Sri Lanka v England: Hosts look for green shoots of recovery

Sri Lanka

Sri Lanka have gone through a turbulent period since finishing as runners-up in the 2011 World Cup with key players retiring, a new captain to bed in, allegations of wrongdoing and even players going unpaid.

But even before that, their game had been in decline. Despite their whitewash against Pakistan, England will start as favourites in the two-Test series because Sri Lanka's recent form is appalling

Since July 2010 they have won only one of 15 Tests - a historic victory in South Africa - as the retirements of heavyweights Muttiah Muralitharan, Chaminda Vaas and Sanath Jayasuriya have taken their toll.

Together with Arjuna Ranatunga and Aravinda de Silva, the trio were influential in transforming the game in this cricket-mad nation.

Obviously it was the bowling department that heavily felt the absence of the country's two most successful bowling partners.

During recent tours in Australia and Bangladesh, the younger bowlers have performed remarkably well but Sri Lanka, it seems, are still a long way from finding a permanent replacement for Murali-Vaas combination.

Selection blunders

In the eyes of many analysts, the situation has been made worse by selection blunders. Chamara Kapugedera is regularly picked despite repeated failures while the promising Angelo Mathews played in the Asia Cup despite injury and is now a doubt for the series against England.

The accusation made is that selection is more a case of picking favourites than trying to unearth new talent.

The series against England will be an ideal opportunity for a new generation of opening bowlers, most probably Suranga Lakmal and Dhammika Prasad, to make their mark against the world's top-ranked Test team.

Sri Lanka will also field three of four spinners including Rangana Herath, Suraj Randiv and Sekkuge Prasanna who starred in a recent series against England A.

Although Sri Lanka have been experiencing a downward trend - similar albeit a lot more dramatic than the plight of Australia after the retirement of the Waugh brothers, Warne, Gilchrist and McGrath - not everybody is pessimistic about the available talent.

"I think there is enough talent in the team and in my opinion there is no big issue if everybody performs to their best," new chief selector Asantha de Mel told BBC Sinhala.

That however goes against the fact that the team is yet to secure a single series since Kumar Sangakkara resigned from the captaincy at the end of the World Cup co-hosted by India, Sri Lanka and Bangladesh.

As Siddarth Ravindran correctly observed in Cricinfo, it was current skipper Mahela Jayawardene, his predecessor Tilakaratne Dilshan and Sangakkara who have mainly carried the burden in the batting department in recent years while the promising Dinesh Chandimal and Lahiru Thirimanne have added young blood and talent to the team.

But it is not clear whether either Chandimal or Thirimanne will be selected against England as Tharanga Paranavithana is set to open the batting with Dilshan and Prasanna Jayawardene will most certainly be handed the wicketkeeping gloves.

Financial woes

It is not only on-the-field performances that matter in this island nation, however, as cricket has always been a political issue since the country won the World Cup in 1996 under Ranatunga's captaincy.

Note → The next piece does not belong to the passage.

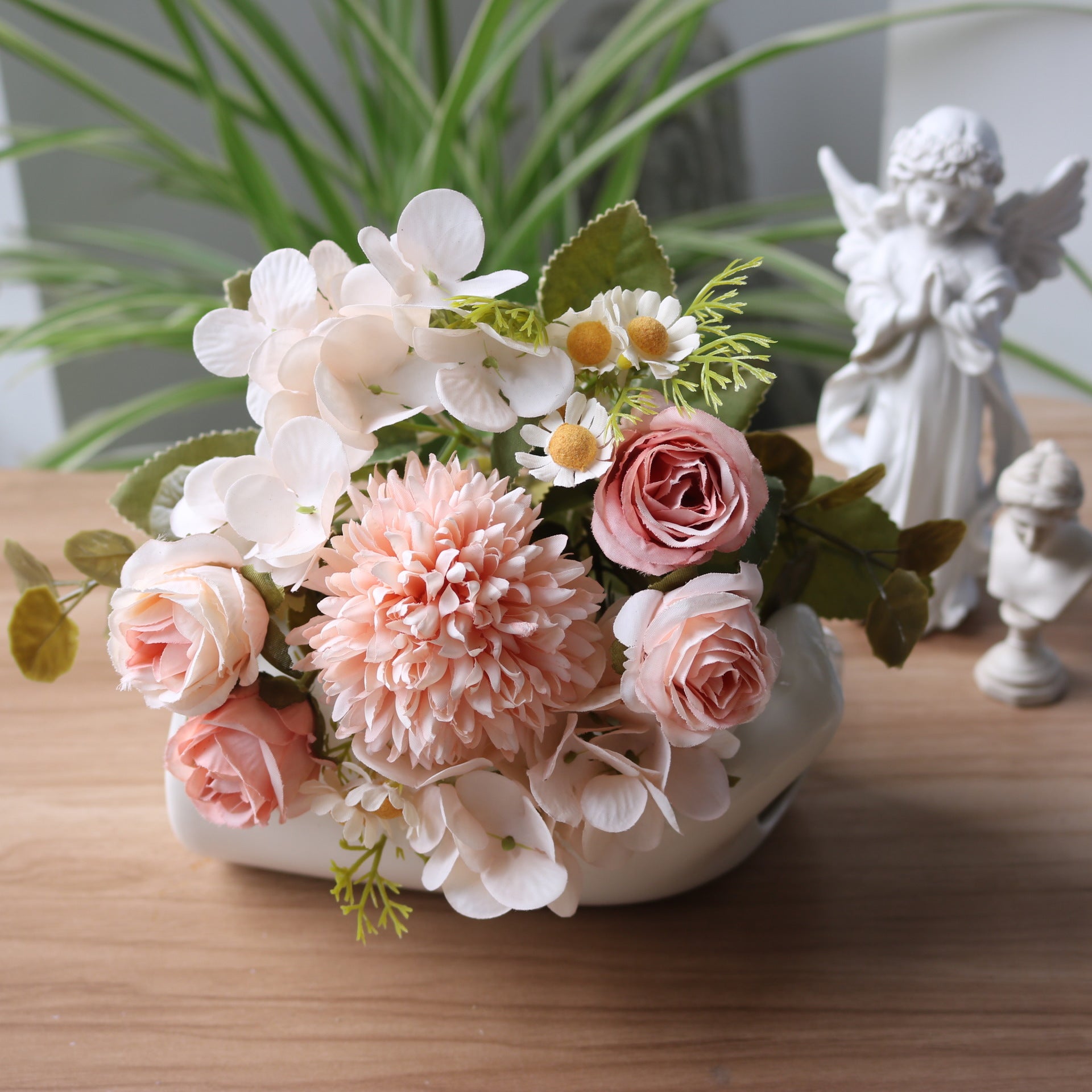 Valentine 7-Stem Faux Autumn Rose Hydrangea Daisy Bouquet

Cricket is arguably also one of the extremely rare areas in which all nationalities - Sinhala, Tamil, Muslim, Burgher - unite.

Sri Lanka Cricket (SLC) has gone through a period of serious financial trouble since co-hosting the 2011 World Cup. This resulted in national players going unpaid since March, last year.

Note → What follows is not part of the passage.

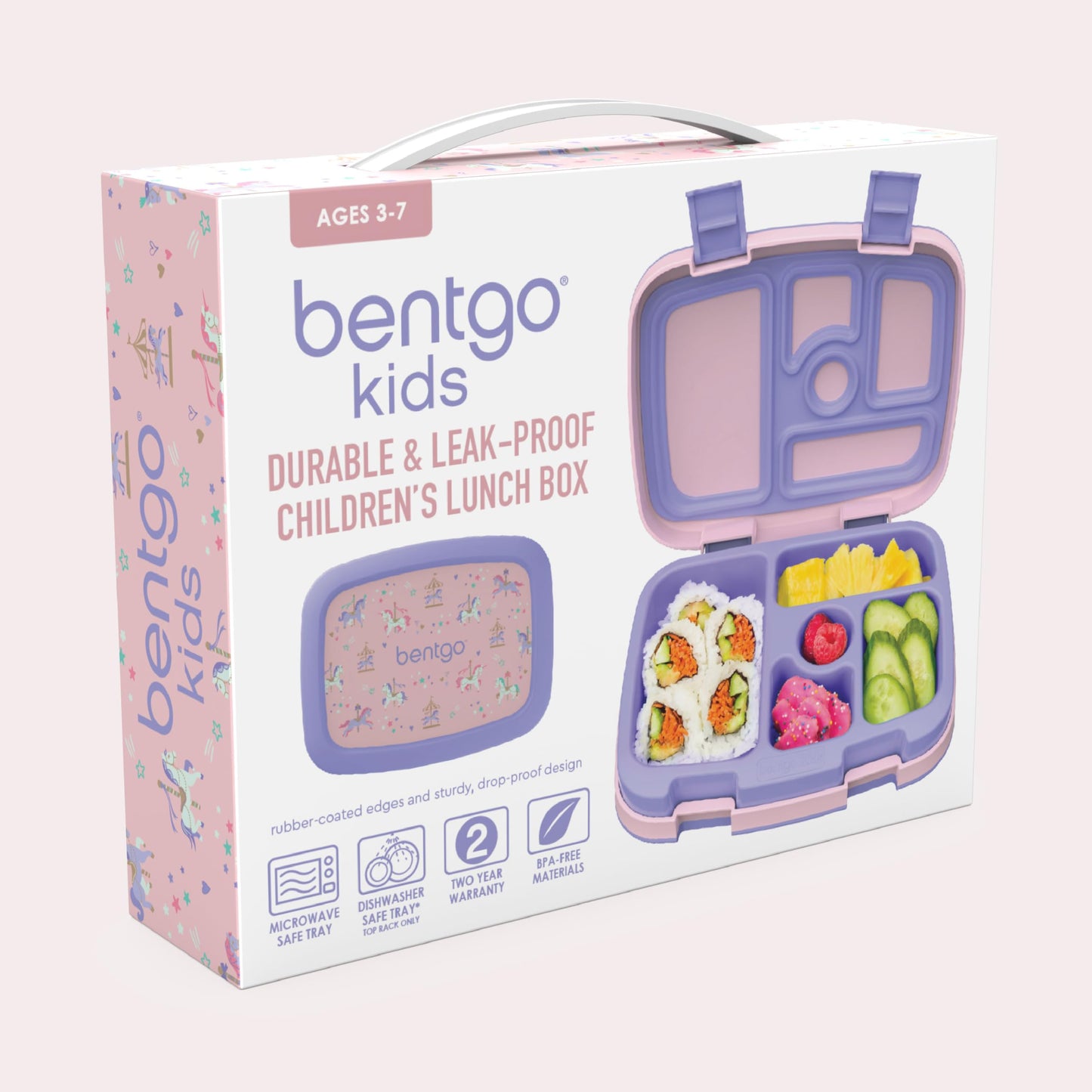 Bentgo Kids Prints Leak-Proof, 5-Compartment Bento-Style Kids Lunch Box - Ideal Portion Sizes for Ages 3-7, Durable, Drop-Proof, Dishwasher Safe, & Made with BPA-Free Materials (Carousel Unicorns)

The salary issue has finally been resolved but SLC head Upali Dharmadasa predicts it will take five years to resolve the financial crisis it faces after constructing two brand new venues and renovating another to host the World Cup.

The crisis is so serious that SLC has handed the maintenance of three major international stadiums to the country's military.

Allegations of corruption, denied by the authorities, and a perceived lack of financial transparency have also affected the game and so a home series against England comes at the right time as the money earned will be extremely important for the SLC in their attempt to resolve the financial mess.

At least the dressing room seems to be a more harmonious place following the re-appointment of Jayawardene as skipper. The failure of Dilshan in the role was mainly due to disharmony among the most senior players, according to the authorities.

"When Sri Lanka was facing a downturn trend during the last few months, I always maintained that it was due to the internal politics within the team," said Sports Minister Mahindananda Aluthgamage.

As expected, both Dilshan and Jayawardene denied the accusation. Interestingly, however, one of the major factors of the row between the senior players was that the influence Sanath Jayasuriya had on Dilshan, according to analysts.

Jayasuriya, currently a ruling party MP with close links to the ruling family, has not commented on these accusations.

Either way, the two-Test series against Andrew Strauss's team will be Jayawardene's first serious test since assuming the reins in January.

The fans who were delighted to see him make his mark in the recently-concluded Commonwealth Bank series might not delay too long in criticising him if he fails to transfer that success into the longer version of the game.